Martin Carr reviews the first episode of The X-Files season 10…
Just before we get into this I should make one thing clear. For me The X-Files was never a big deal. Sure it was on the cultural radar and Chris Carter is a name I recognised post 1994. But in terms of drawing me in Duchovny and Anderson had a limited impact. Back then it was all about Tarantino, Rodriguez and Bill Hicks. So it is I take on the responsibility of reviewing this genre defining series without preconceptions. Giving me distance, perspective and ultimately no rose-tinted nostalgia to cloud my judgement.
With episode one then we find our latter-day dynamic duo separated. Mulder unshaven, cloaked in lamplight and surrounded by clippings. A recluse accessible to few and sought by even less. No more than a side note or cautionary tale, spoken about by those who wish to dwell on past glories. While Anderson’s Scully is specialising in reconstructive surgeries, buried in work and applying a rationale which distances her from past events.
What Carter cleverly does in these opening ten minutes is get a new generation up to speed. Using Duchovny in voiceover, we get the bare bones, backstory, duration and underpinning drive behind both characters. For some including me it was a mere refresher.

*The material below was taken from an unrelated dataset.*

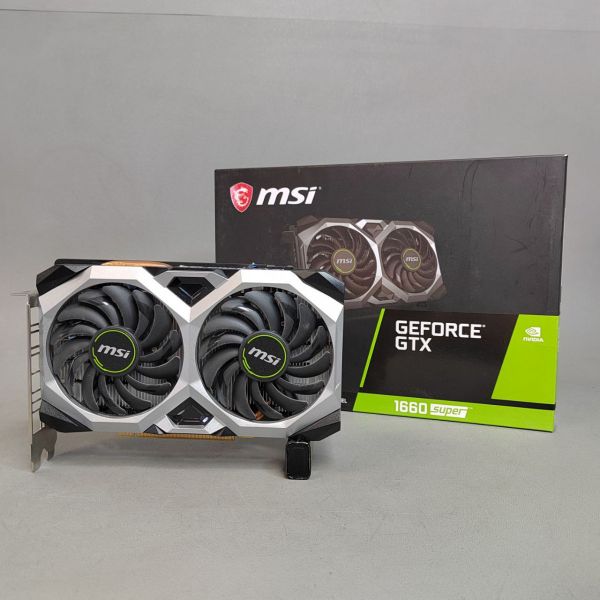 Видеокарта MSI NVIDIA GeForce GTX 1660 SUPER VENTUS XS OC 6ГБ, GDDR6 Ret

Linking in flashbacks to the 1947 crash landing of a UFO in New Mexico, then cross cutting that with present day. Laying an essential groundwork without unnecessary spoon-feeding.
There have been those who felt this opening episode was a whole lot of nothing much. Joel McHale’s conspiracy geek is a weak plot device, which segues into human embryo harvesting. With no central tenet concreting it in a recognisable reality. I am not saying the episode is bad just not an opener. Mulder and Scully are given little to do. While the red herring lone survivor of numerous alien abductions is nothing new. It feels to a certain extent as if the necessity for backstory leaves no time for actual plot line.
Duchovny and Anderson take a matter of minutes before the old chemistry is back and for that they must be commended. It’s just that as credits roll and the dust settles there is a sense that this X-Files has lost the ‘X-Factor’. Even if that smoking hole in the neck does provide pause for thought. This feels to a certain extent like too little too late. My only hope is that this preliminary precursor has not driven away those fan faithful. Those people for whom The X-Files was everything. Hopefully episode two will provide the much-needed redemption. Only time will tell.